Conservation has been described as a social process underpinned by science. There is no doubt that, in our struggle to prevent and reverse biodiversity loss, winning the battle for the hearts and minds of governments, companies, investors, communities and consumers will take all our powers of persuasion, insight and empathy.
But we also need to be armed with hard facts, and equipped with the knowledge to enhance our understanding, continually refine our approach and develop innovative solutions to the conservation challenges that we face.
Sound science, as the mission statement of Fauna & Flora makes clear, forms the bedrock of all our conservation interventions on behalf of the world’s threatened species and ecosystems. We set great store by the scientific credentials of our conservation staff, both in terms of qualifications and practical experience.

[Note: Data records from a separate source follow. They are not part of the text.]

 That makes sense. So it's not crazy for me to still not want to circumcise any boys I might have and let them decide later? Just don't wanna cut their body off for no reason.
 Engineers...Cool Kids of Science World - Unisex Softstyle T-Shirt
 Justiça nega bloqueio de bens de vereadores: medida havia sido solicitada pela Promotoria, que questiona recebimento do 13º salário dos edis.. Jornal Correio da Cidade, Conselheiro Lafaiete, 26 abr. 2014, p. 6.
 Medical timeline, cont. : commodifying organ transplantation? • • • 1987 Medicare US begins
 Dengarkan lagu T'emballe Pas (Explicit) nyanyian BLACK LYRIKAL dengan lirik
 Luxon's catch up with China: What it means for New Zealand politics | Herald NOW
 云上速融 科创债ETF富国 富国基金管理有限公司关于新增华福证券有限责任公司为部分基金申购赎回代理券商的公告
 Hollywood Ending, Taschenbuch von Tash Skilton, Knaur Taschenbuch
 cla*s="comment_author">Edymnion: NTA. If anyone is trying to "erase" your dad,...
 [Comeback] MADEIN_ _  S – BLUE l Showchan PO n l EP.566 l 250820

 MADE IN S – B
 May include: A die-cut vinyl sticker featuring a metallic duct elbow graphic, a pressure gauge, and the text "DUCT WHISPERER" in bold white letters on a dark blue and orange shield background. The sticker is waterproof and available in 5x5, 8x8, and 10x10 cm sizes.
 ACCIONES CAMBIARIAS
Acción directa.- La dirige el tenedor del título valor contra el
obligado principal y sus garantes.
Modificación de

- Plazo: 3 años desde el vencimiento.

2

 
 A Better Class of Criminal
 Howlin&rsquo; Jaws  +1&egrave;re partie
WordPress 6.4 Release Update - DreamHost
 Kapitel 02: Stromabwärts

But this collective expertise does not mean that Fauna & Flora’s approach to conservation is constrained by a narrow scientific methodology.
The local knowledge of our in-country partners also provides crucial insights into the unique characteristics of the landscapes and species that we are working to safeguard, enabling us to understand the wider context in which we are operating and to tailor our activities accordingly.
Fauna & Flora’s approach may be grounded in science, but we are institutionally hard-wired to be adaptable, pragmatic, light on our feet and opportunistic. And innovation has been our watchword from the moment the organisation was first founded in 1903.